> **Activity**
What you return must match every record word for word.

> **Information given**
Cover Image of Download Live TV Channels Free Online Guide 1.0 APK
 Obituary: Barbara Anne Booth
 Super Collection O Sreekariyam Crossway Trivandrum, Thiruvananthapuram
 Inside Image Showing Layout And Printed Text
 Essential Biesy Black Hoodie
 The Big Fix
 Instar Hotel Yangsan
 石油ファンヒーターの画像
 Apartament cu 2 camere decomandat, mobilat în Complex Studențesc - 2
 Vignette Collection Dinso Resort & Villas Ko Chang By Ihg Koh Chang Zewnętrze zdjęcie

> **Solution to the exercise**
Cover Image of Download Live TV Channels Free Online Guide 1.0 APK
 Obituary: Barbara Anne Booth
 Super Collection O Sreekariyam Crossway Trivandrum, Thiruvananthapuram
 Inside Image Showing Layout And Printed Text
 Essential Biesy Black Hoodie
 The Big Fix
 Instar Hotel Yangsan
 石油ファンヒーターの画像
 Apartament cu 2 camere decomandat, mobilat în Complex Studențesc - 2
 Vignette Collection Dinso Resort & Villas Ko Chang By Ihg Koh Chang Zewnętrze zdjęcie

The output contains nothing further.